Males of subspecies H. a. senex are paler than the nominate, with spots only on the center of their crown and a grayish white throat and breast. Males of subspecies H. a. puncticeps have olive-tinged and grayer upperparts than the nominate and less white on their tail feathers. Females have a dark olive-gray crown with a cinnamon-rufous tinge. Males of subspecies H. a. aequatorialis also have olive-tinged and grayer upperparts than the nominate. Their crown spots are only in the center; they have mostly pale yellow underparts with an olive wash on the sides.

==Distribution and habitat==

The subspecies of the yellow-breasted antwren are found thus:

- H. a. senex: Colombia's Western and Central Andes between the departments of Risaralda and Cauca
- H. a. aequatorialis: east slope of the Andes from Caquetá Department in southwestern Colombia south through eastern Ecuador into northern Peru as far as the Marañón River in the Department of Cajamarca
- H. a. puncticeps: east slope of the Andes in east-central Peru from the Marañón south to the Department of Junín
- H. a. axillaris: east slope of the Andes of southeastern Peru between the departments of Cuzco and Puno

The ranges of puncticeps and axillaris have a gap between them.

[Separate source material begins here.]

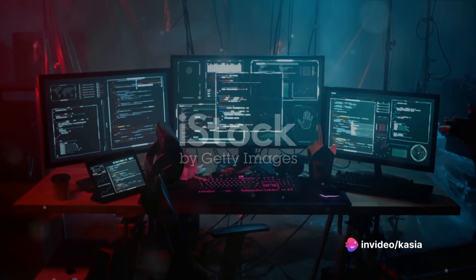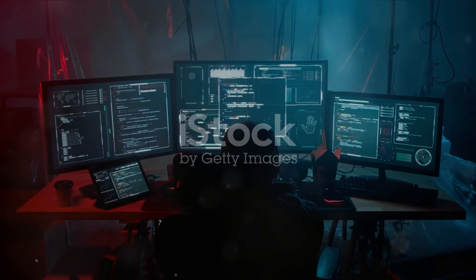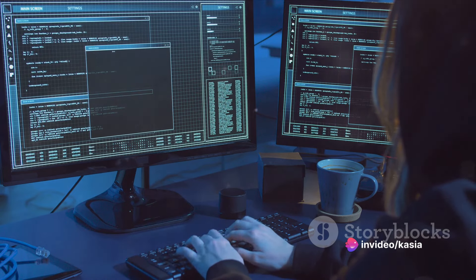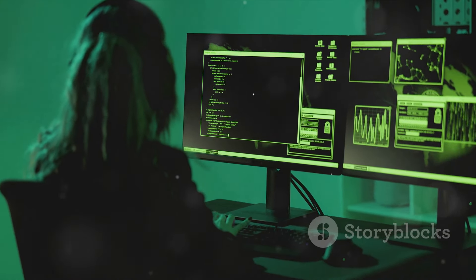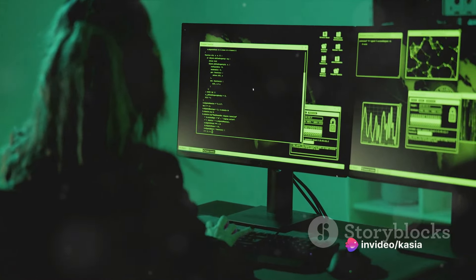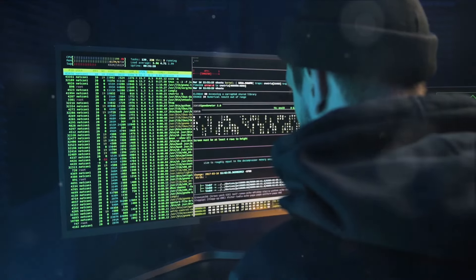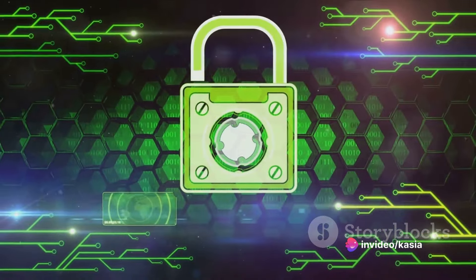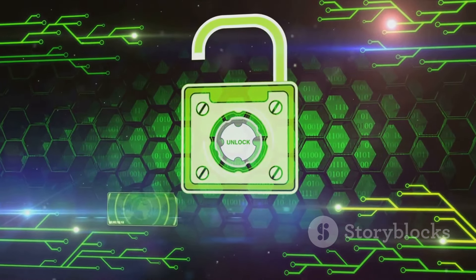After gathering information, attackers proceed to weaponization and delivery. This stage is where the hackers craft their destructive tools — think of it like a blacksmith forging a sword, only this sword is made up of malicious codes and software. This weapon, often a type of malware, is custom designed to exploit the vulnerabilities found during reconnaissance. The delivery is all about sneaking this weapon into the victim's system. It could be as simple as a disguised email attachment, or as complex as a hidden code in a website. The aim is to trick the user into activating the malware themselves, bypassing the need to crack any security measures. It's like a Trojan horse, pretending to be harmless while secretly carrying a destructive payload. The attackers wait patiently, their weapon lying dormant until the unsuspecting user lets it in.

The yellow-breasted antwren inhabits the interior and edges of humid evergreen forest, where it tends to favor the canopy. In elevation it ranges between 800 and 2000 m in Colombia, between 800 and 1700 m in Ecuador, and between 750 and 1900 m in Peru.

==Behavior==
===Movement===

The yellow-breasted antwren is thought to be a year-round resident throughout its range.

===Feeding===

The yellow-breasted antwren's diet has not been detailed but includes insects and probably spiders. It usually forages in pairs, sometimes in family groups, but seldom by itself, and almost always as a member of a mixed-species feeding flock. It typically feeds from the forest's mid-level to its canopy; in the mid-level it favors vine tangles. It forages actively and methodically, and usually captures prey by gleaning from leaves, stems, and vines by reaching and sometimes lunging from a perch. It occasionally makes short sallies to hover-glean. It is not known to follow army ants.

===Breeding===

One female yellow-breasted antwren was "ready to lay [an] egg" in March in Peru. Nothing else is known about the species' breeding biology.

===Vocalization===

The yellow-breasted antwren's song is "a rattle-like trill of dry notes". It has been written as "tree-ee-ee-ee-ee-ee-ew" in Ecuador. In northern Peru it is "tee-tee-TI-TI-titi'ti'tititititititer" and in Cuzco "chew tew-tew-TEE-TEE-ti-ti'ti'ti'tititi". The species' call is "a short...downslurred whistle" written as "tew" or "tchew".

==Status==

The IUCN originally in 2004 assessed the yellow-breasted antwren as being of Least Concern, in 2012 as Vulnerable, and in 2022 again as of Least Concern. It has a large range and an unknown population size that is believed to be decreasing. "The primary threat to this species is accelerating deforestation for logging and agriculture. It is considered highly sensitive to human disturbance and as such is likely to suffer acutely as a result of forest fragmentation." It is considered local and uncommon in Colombia, uncommon or rare in Ecuador, and rare to uncommon in Peru. Its range includes some large protected areas.